*** Opening Provided data ***
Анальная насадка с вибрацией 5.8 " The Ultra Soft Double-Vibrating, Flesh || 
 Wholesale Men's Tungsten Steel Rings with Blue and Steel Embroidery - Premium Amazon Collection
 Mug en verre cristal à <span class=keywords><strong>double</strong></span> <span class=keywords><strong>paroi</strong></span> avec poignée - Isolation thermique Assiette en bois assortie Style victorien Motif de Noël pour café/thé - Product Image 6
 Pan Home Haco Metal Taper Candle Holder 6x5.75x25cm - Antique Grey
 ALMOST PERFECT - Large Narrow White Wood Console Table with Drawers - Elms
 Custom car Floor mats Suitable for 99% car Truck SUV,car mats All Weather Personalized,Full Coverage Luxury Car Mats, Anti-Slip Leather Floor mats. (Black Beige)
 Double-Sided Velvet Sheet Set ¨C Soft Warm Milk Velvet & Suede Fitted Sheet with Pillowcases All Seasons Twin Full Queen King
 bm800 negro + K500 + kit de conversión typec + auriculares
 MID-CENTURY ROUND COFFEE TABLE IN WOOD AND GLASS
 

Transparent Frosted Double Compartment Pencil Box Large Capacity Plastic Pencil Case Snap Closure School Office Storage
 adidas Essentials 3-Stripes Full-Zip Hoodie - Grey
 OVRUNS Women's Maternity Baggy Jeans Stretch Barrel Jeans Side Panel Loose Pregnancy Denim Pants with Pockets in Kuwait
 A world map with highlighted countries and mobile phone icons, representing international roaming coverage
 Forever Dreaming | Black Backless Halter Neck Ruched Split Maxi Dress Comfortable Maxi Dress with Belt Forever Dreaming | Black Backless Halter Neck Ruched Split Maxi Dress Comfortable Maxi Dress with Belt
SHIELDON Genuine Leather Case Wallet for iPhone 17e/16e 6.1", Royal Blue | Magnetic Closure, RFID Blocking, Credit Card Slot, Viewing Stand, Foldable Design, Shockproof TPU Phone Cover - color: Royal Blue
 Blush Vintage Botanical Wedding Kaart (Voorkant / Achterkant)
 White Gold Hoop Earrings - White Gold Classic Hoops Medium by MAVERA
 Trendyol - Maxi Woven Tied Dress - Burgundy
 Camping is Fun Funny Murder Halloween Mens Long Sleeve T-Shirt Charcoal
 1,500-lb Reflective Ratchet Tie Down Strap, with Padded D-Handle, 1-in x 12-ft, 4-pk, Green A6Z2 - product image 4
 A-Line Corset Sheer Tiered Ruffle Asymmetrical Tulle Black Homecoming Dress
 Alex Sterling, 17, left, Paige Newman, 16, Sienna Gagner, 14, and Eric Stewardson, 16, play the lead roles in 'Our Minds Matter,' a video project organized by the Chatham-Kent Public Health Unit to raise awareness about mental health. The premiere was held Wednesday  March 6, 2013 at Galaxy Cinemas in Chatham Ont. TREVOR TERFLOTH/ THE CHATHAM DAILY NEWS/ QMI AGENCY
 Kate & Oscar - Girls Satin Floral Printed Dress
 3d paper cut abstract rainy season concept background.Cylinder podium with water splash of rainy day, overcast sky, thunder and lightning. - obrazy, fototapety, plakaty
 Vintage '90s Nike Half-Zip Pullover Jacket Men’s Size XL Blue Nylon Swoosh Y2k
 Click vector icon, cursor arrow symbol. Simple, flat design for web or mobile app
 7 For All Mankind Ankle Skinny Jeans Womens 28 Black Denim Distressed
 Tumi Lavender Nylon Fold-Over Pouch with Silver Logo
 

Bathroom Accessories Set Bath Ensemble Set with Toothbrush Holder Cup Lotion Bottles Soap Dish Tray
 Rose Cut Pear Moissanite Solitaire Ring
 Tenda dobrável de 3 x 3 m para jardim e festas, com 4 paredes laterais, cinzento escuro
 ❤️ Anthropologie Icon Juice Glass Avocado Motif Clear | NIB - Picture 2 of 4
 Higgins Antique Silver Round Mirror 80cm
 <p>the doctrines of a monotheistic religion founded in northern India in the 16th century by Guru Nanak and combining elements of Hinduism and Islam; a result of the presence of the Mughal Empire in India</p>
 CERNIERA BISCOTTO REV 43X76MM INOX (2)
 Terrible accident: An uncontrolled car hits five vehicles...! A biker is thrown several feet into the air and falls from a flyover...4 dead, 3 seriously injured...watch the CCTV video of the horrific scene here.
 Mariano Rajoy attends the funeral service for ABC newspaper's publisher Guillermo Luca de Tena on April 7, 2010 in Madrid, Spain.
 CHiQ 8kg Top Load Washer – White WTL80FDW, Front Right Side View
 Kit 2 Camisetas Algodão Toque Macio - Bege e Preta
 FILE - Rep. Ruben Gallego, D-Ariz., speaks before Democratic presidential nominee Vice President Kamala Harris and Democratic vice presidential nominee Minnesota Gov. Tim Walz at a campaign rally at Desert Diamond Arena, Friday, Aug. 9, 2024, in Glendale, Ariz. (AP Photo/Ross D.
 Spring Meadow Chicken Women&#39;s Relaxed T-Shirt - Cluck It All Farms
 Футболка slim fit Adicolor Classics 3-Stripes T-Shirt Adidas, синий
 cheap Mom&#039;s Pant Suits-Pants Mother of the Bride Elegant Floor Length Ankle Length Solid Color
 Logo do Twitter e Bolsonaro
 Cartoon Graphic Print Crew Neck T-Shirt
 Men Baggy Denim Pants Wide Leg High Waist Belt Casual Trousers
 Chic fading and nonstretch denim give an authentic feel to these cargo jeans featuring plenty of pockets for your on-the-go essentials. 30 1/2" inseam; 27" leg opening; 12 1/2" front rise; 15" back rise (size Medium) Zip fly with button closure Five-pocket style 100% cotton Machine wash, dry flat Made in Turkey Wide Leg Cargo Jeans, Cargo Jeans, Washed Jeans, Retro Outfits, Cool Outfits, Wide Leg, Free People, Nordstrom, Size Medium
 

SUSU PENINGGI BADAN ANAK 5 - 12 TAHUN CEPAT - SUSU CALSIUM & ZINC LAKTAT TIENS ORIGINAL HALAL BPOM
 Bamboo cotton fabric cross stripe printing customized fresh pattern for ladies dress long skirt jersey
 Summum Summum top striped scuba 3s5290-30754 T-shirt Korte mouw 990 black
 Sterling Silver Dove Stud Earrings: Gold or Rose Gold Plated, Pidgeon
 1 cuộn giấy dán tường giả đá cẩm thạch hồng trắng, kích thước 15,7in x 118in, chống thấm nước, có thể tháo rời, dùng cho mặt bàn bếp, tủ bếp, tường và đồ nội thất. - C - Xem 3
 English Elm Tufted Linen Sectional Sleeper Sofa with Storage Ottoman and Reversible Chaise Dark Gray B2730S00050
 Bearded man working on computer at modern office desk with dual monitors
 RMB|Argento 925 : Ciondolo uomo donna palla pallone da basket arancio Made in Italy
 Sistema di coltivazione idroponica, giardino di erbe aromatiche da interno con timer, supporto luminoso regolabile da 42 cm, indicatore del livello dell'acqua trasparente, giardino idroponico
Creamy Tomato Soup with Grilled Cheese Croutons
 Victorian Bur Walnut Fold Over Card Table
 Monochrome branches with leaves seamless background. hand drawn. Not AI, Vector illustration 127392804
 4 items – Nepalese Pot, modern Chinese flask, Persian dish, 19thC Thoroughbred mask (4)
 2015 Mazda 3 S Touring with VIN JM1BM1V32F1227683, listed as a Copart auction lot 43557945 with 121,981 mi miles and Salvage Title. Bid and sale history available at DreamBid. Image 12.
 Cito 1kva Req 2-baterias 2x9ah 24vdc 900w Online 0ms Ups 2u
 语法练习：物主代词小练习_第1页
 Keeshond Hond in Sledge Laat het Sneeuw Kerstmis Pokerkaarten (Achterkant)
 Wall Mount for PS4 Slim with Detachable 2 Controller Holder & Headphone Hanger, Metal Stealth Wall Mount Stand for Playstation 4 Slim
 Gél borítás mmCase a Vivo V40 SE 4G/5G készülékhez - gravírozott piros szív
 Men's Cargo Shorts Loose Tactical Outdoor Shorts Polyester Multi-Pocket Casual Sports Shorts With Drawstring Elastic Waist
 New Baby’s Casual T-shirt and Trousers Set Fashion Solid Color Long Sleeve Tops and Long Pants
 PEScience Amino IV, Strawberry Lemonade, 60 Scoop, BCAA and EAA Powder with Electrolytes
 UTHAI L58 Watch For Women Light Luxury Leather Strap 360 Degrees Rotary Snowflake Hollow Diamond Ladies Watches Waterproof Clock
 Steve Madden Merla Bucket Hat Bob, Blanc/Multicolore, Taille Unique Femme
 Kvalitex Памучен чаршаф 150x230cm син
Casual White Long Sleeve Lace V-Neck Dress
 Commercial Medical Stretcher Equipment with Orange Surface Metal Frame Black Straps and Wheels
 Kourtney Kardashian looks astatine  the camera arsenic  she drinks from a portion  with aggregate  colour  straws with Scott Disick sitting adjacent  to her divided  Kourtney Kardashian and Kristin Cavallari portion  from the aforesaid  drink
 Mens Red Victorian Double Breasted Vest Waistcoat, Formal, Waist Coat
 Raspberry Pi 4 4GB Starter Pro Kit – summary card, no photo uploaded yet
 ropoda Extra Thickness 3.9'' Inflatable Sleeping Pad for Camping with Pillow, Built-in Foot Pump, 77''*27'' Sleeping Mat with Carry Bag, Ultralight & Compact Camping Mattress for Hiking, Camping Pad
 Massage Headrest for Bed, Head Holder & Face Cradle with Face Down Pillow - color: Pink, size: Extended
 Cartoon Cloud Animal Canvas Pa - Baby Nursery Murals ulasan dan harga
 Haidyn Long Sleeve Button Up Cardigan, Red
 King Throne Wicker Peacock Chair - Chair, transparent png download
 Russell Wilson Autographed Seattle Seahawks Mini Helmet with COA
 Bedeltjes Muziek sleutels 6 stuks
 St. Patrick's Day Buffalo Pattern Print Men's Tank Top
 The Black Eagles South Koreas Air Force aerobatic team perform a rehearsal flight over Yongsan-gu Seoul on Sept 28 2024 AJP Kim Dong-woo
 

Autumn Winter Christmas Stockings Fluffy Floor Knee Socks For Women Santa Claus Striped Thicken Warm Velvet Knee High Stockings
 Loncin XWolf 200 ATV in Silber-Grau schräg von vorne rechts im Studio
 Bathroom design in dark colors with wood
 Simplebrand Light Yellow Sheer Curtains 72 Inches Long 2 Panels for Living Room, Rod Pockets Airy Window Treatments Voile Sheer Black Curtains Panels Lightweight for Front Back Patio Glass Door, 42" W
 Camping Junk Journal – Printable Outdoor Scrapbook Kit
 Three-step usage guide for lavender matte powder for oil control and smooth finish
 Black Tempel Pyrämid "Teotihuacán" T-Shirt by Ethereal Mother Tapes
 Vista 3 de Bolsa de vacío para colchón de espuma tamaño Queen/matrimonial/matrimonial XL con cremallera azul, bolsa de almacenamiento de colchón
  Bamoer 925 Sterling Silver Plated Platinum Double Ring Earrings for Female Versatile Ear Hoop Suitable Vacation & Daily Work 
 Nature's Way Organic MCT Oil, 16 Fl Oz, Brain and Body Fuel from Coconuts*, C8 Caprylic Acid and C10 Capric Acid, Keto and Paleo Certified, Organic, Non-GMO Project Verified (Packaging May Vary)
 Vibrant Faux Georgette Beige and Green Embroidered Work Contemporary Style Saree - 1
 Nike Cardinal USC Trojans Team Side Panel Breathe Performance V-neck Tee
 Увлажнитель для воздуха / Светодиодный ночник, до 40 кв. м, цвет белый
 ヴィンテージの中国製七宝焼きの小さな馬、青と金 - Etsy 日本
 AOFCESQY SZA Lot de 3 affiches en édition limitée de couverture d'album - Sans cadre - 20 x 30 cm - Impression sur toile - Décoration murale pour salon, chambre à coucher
*** Closing Provided data ***
Repeat the entries verbatim through the line with "ALMOST PERFECT - Large".

▶ [Solution below]:
Анальная насадка с вибрацией 5.8 " The Ultra Soft Double-Vibrating, Flesh || 
 Wholesale Men's Tungsten Steel Rings with Blue and Steel Embroidery - Premium Amazon Collection
 Mug en verre cristal à <span class=keywords><strong>double</strong></span> <span class=keywords><strong>paroi</strong></span> avec poignée - Isolation thermique Assiette en bois assortie Style victorien Motif de Noël pour café/thé - Product Image 6
 Pan Home Haco Metal Taper Candle Holder 6x5.75x25cm - Antique Grey
 ALMOST PERFECT - Large Narrow White Wood Console Table with Drawers - Elms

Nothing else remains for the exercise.